En cuanto el director del hotel se hubo quitado de en medio, Camargo consideró:
– El tiempo todo lo cura. Más adelante, cuando se le haya pasado el disgusto, comprenderá que mi iniciativa no solo no ha sido perjudicial para sus intereses, sino que va a reportarle pingües beneficios. Si juega bien sus cartas, se convertirá en el arqueólogo más famoso del mundo. ¿No se da cuenta?
– ¡En cuarenta años de actividad académica, jamás…!
– En todo momento he respetado su nombre -le interrumpió el banquero-, y lo he difundido ante los medios de comunicación.
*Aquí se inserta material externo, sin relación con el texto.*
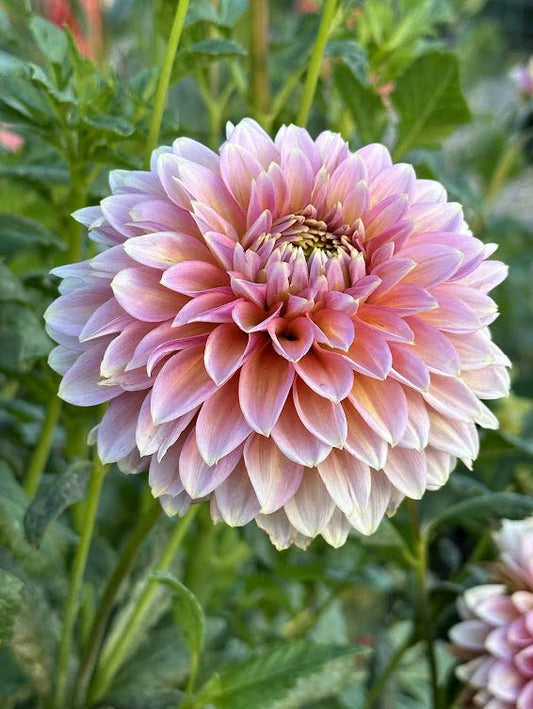 Bloomquist Mojo | Dahlia Tuber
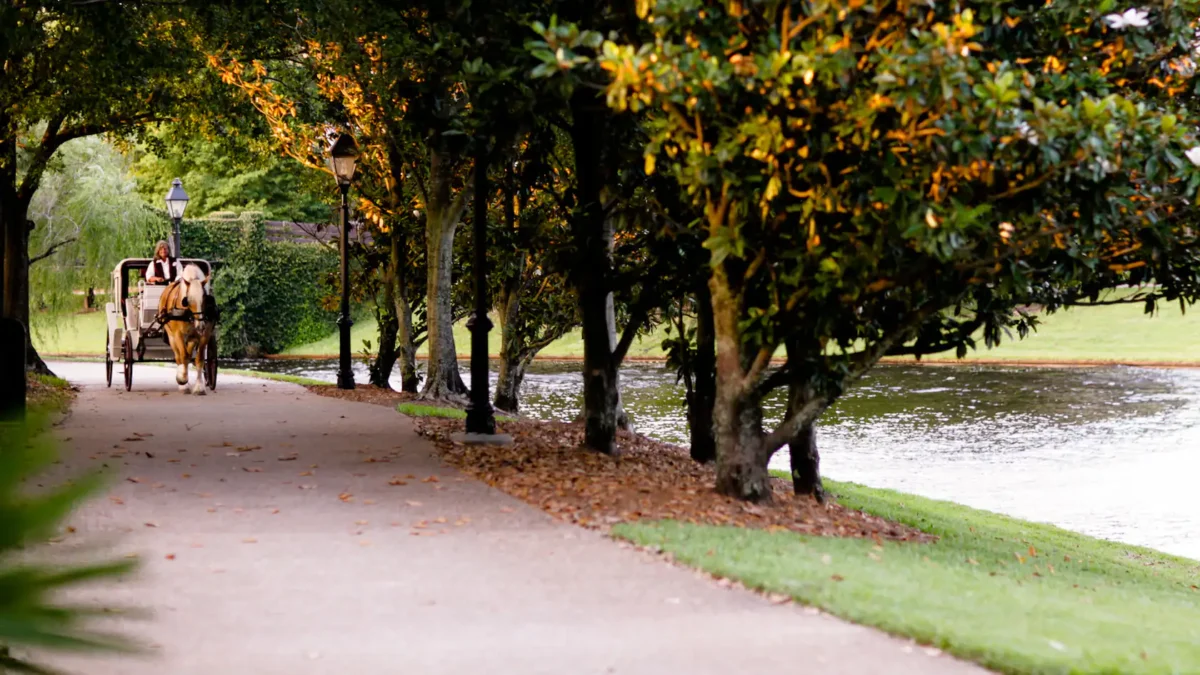 Port Orleans Riverside Carriage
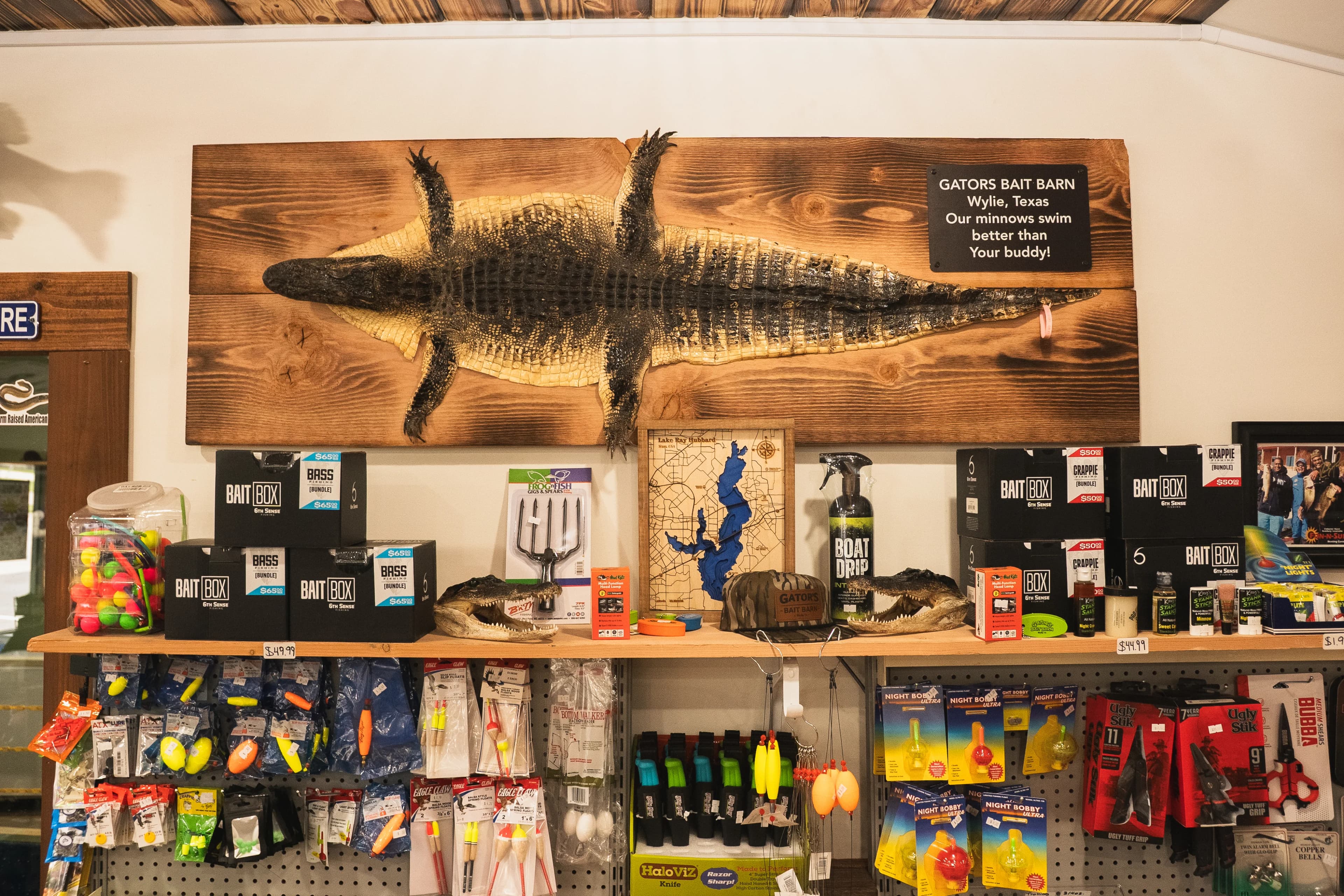 Gator mount on the wall at Gator's Bait Barn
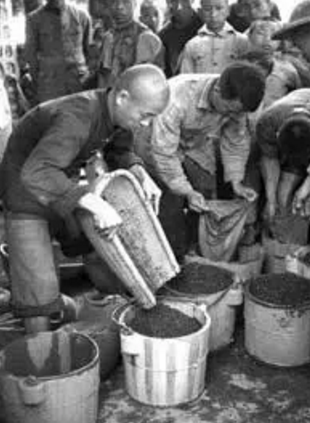 毛泽民的悲壮长征，送走国家银行6位烈士，却没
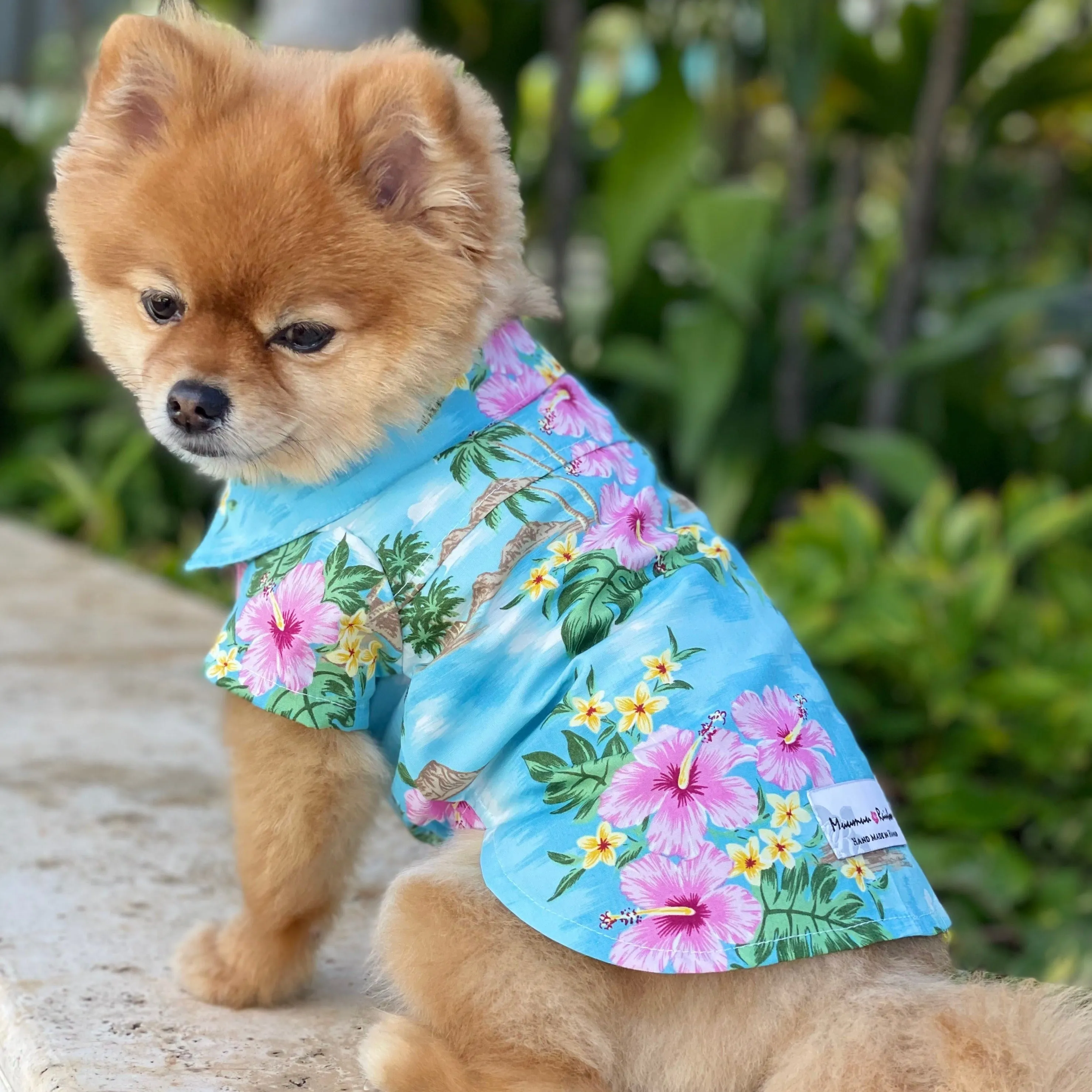 Dog's Hawaiian Shirts |  Hawaiian Green Blue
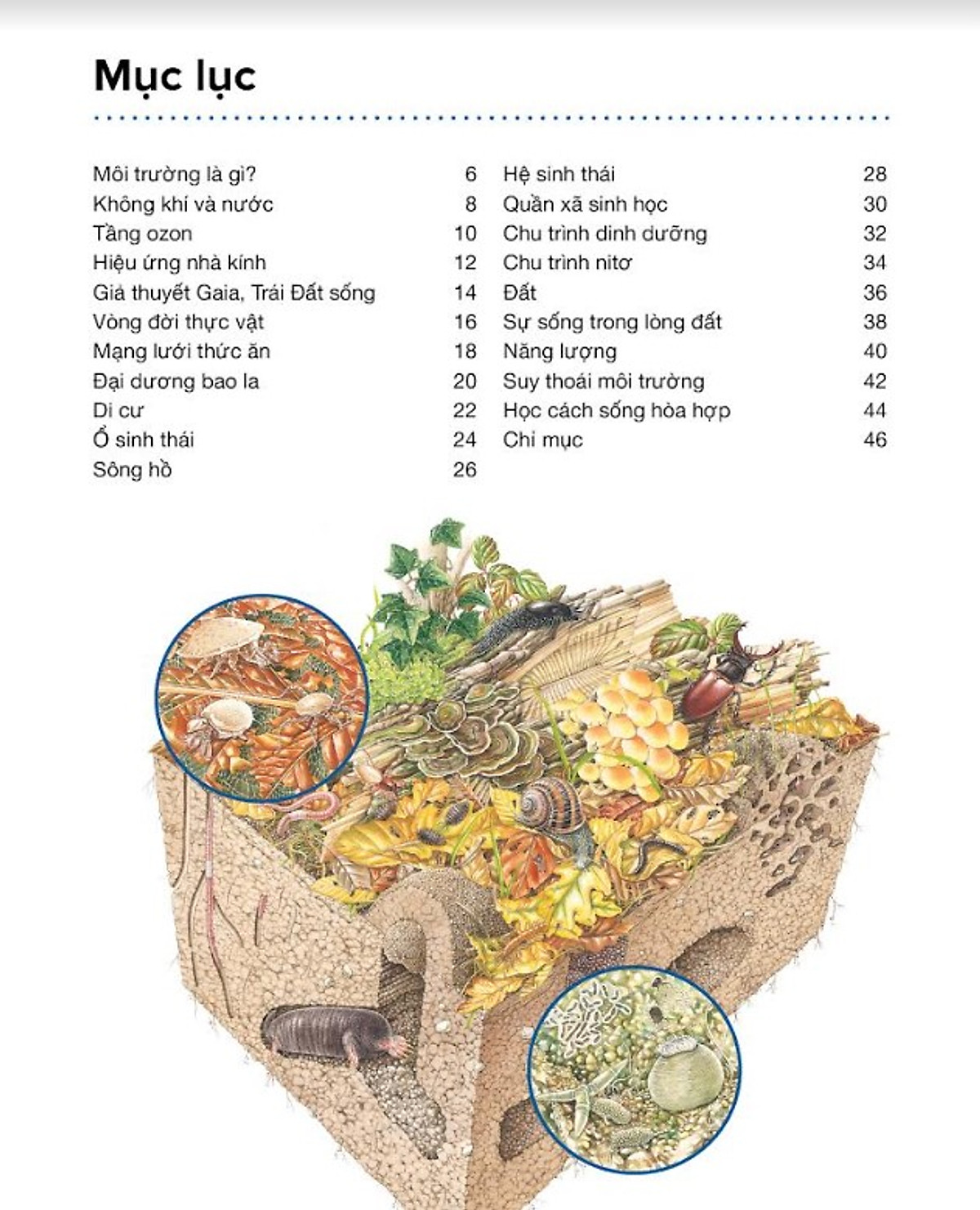 hành trình khám phá - môi trường - bìa cứng - Ảnh 3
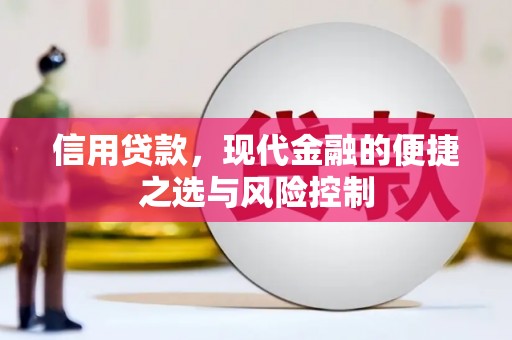 庄浪信用贷款，现代金融的便捷之选与风险控制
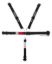 5-Pt Harness L&L Ratchet 2in Belts
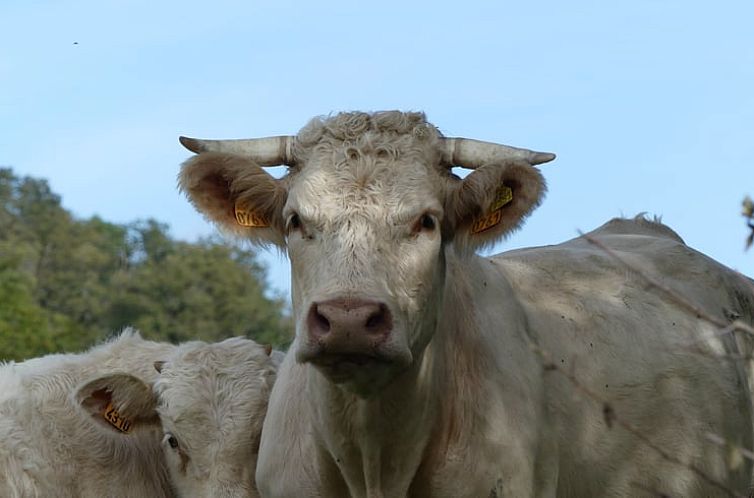 Vakantiehuis in Millay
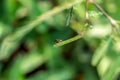 Jewel beetle on leaf in green nature Royalty Free Stock Photo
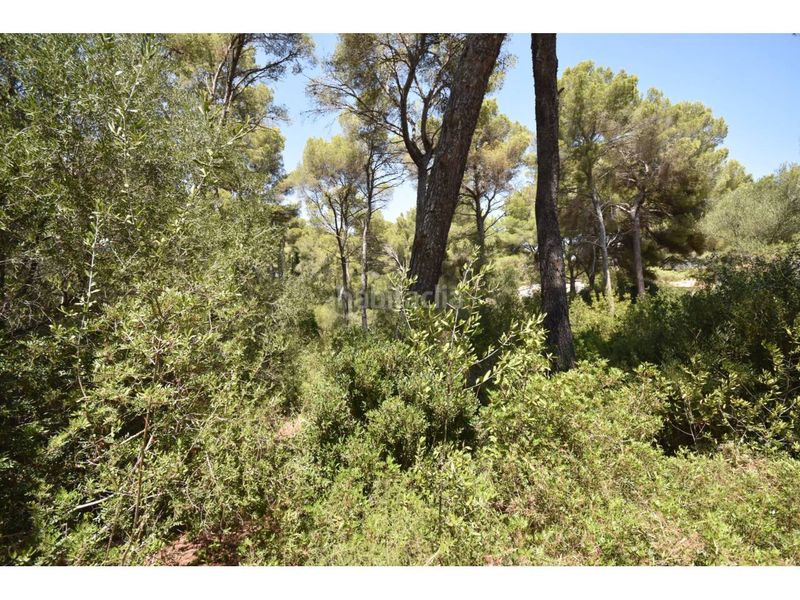 Foto b82e0246-5397-4f17-9d43-9dfde96ec627. Finca rústica a via muntanya 16 a Canyamel Capdepera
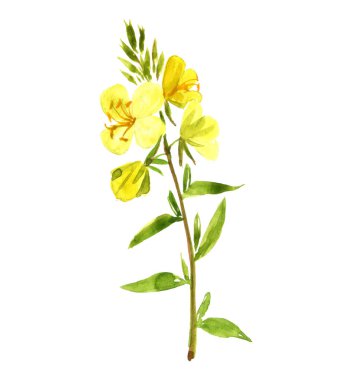 watercolor drawing evening primrose clipart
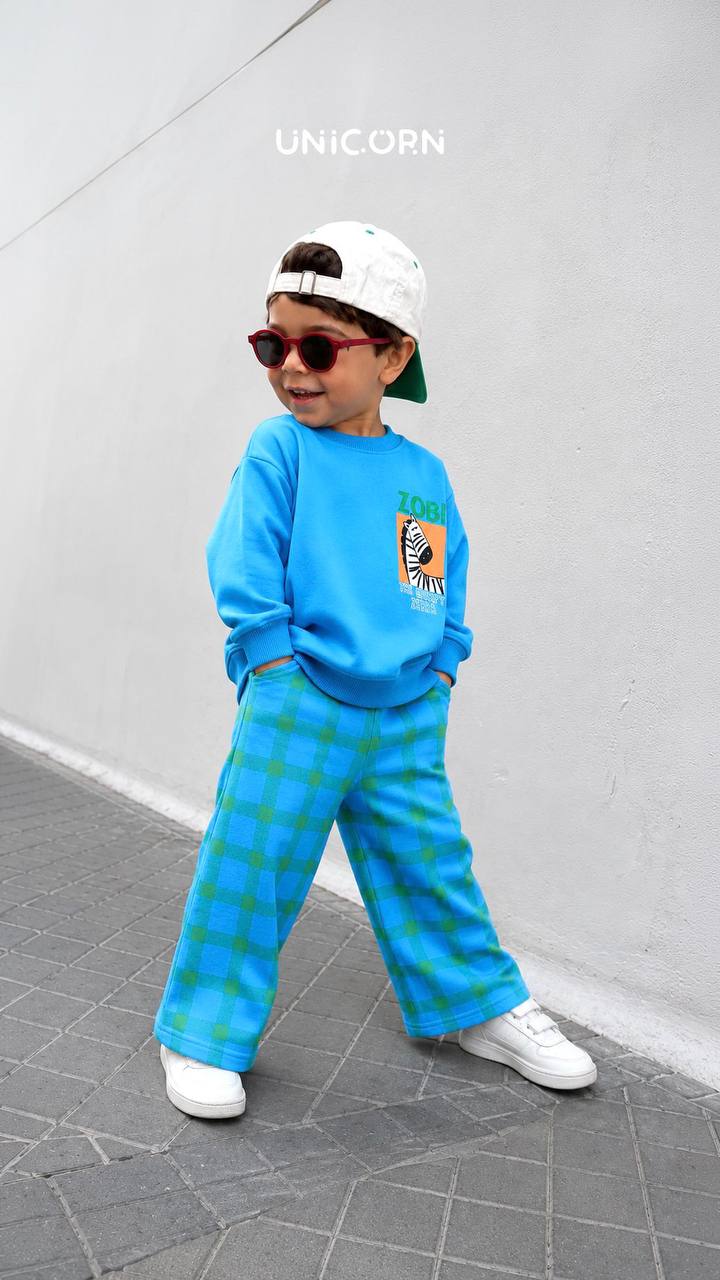 Zebra mavi erkek çocuk takım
Espero haber beneficiado asimismo los intereses turísticos de la isla de Pascua. Como única falta, admitiré haber promocionado el Easter, en el que, por otra parte, he invertido una enorme cantidad de dinero.
– Ahí descansa su único poder -le acusó con amargura el arqueólogo-. ¡En su sucio dinero! ¿Cómo se ha atrevido, sin mi autorización, a utilizar una pieza arqueológica para montar su vulgar espectáculo comercial? ¿Y de qué modo se las arregló para trasladar la esfera desde el yacimiento de La Pérouse? ¿Ha sobornado a alguien de mi equipo?
– Fue cosa de magia, ¿verdad? -pareció burlarse el financiero-. Estaba en mi perfecto derecho de disponer de esa pieza -se ratificó acto seguido, recuperando la impavidez-. Ya está de vuelta en La Pérouse, como podrá comprobar. Nada más concluir mi comparecencia pública, la «esfera del astronauta» fue restituida al yacimiento, donde podrá continuar estudiándola. Será usted quien decida cuándo y dónde será exhibida.